Tech war: China chip equipment makers expect a windfall in first half amid soaring demand for local machines

  • The increase in expectations comes after the US and its allies intensified restrictions on China’s access to advanced chip equipment
  • Naura Technology Group, a Beijing-based maker of etching tools, expects a year-on-year increase in profit of between 121 and 156 per cent

China’s major semiconductor equipment makers expect strong growth in the first half of 2023, thanks to soaring demand for local products amid tight US restrictions on the export of advanced chip-making equipment to the country.

Naura Technology Group, a Beijing-based maker of etching tools, expects a year-on-year increase in profit of between 121.3 and 155.8 per cent, to between 1.67 billion (US$233 million) and 1.93 billion yuan in the first half of 2023, while revenue is expected to surge by up to 64.4 per cent to 8.95 billion yuan, according to a stock exchange filing on Saturday.

Advanced Micro-Fabrication Equipment (AMEC), another leading chip equipment maker started by US scientist Gerald Yin Zhiyao in 2004, said on the same day that it expects its revenue to grow by 28 per cent to 2.53 billion yuan in the same period, while net profit might surge by between 109.5 and 120.2 per cent to 980 million yuan-1.03 billion yuan.

The increase in expectations comes after the US and its allies intensified restrictions on China’s access to advanced chip equipment on national security grounds, to restrict China’s development of its domestic semiconductor sector.
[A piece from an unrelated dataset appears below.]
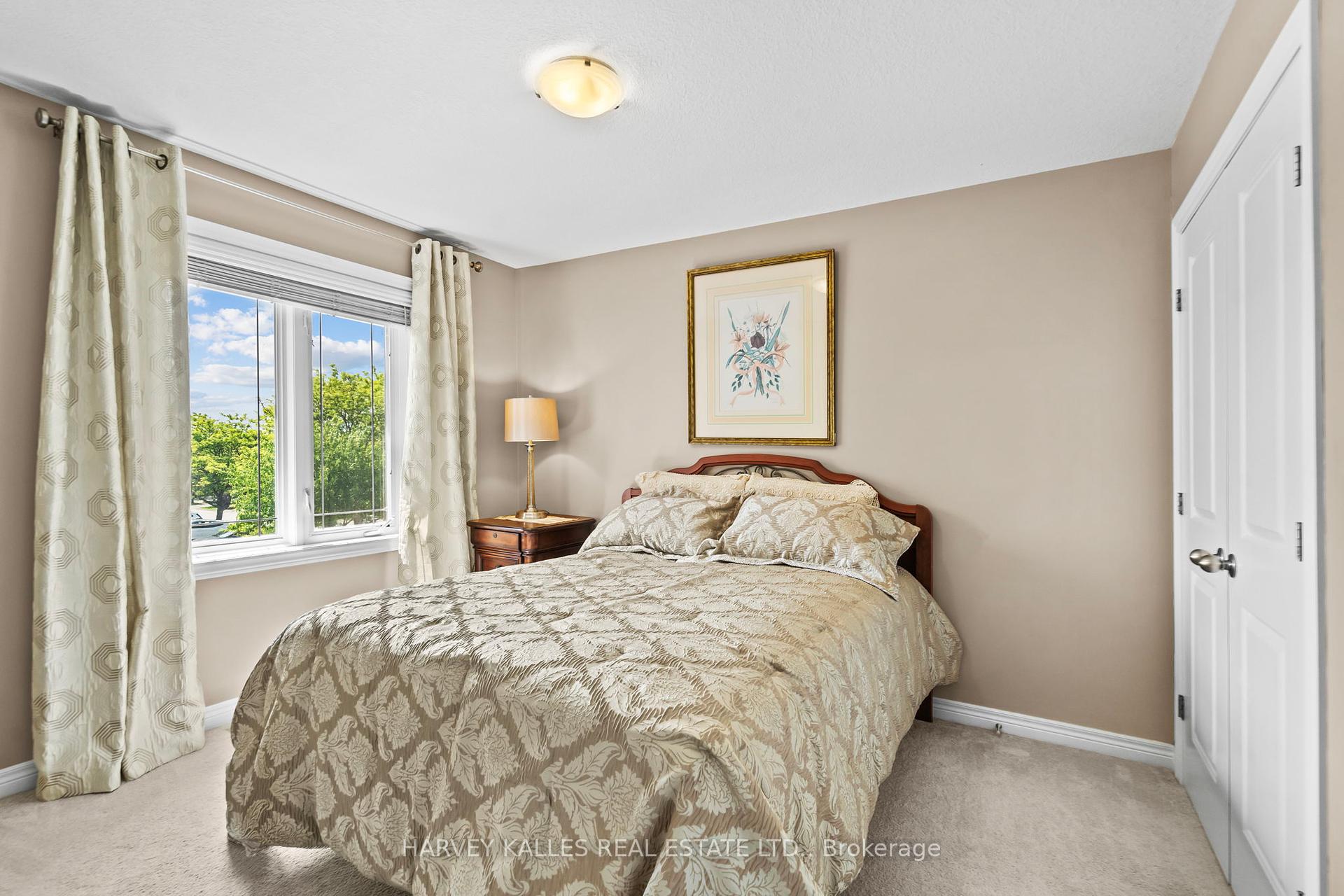 3 Bedrooms Condo at 3003 Glover, Burlington For sale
Naura posted a 51 per cent and 143 per cent jump in revenue and profit in the first half of 2022, respectively, while AMEC saw a 47 per cent surge in revenue and an 18 per cent increase in profit over the same period.

China says chip output picked up in June but remains down in first half of year

Both companies attributed their business growth to an increase in market share, with Naura attributing the improvement to “the steady increase in market share of the company’s semiconductor equipment business and the continuous improvement in operating efficiency”. AMEC said its etching equipment “continues to be recognised by more and more domestic and foreign customers”.

AMEC added that it had cashed out part of its stake in Shanghai-listed Piotech, another Chinese chip equipment maker, a move which contributed to the profit surge. Piotech’s stock price has increased 49.5 per cent since the beginning of 2023 amid escalating US sanctions and China’s increased semiconductor self-sufficiency drive.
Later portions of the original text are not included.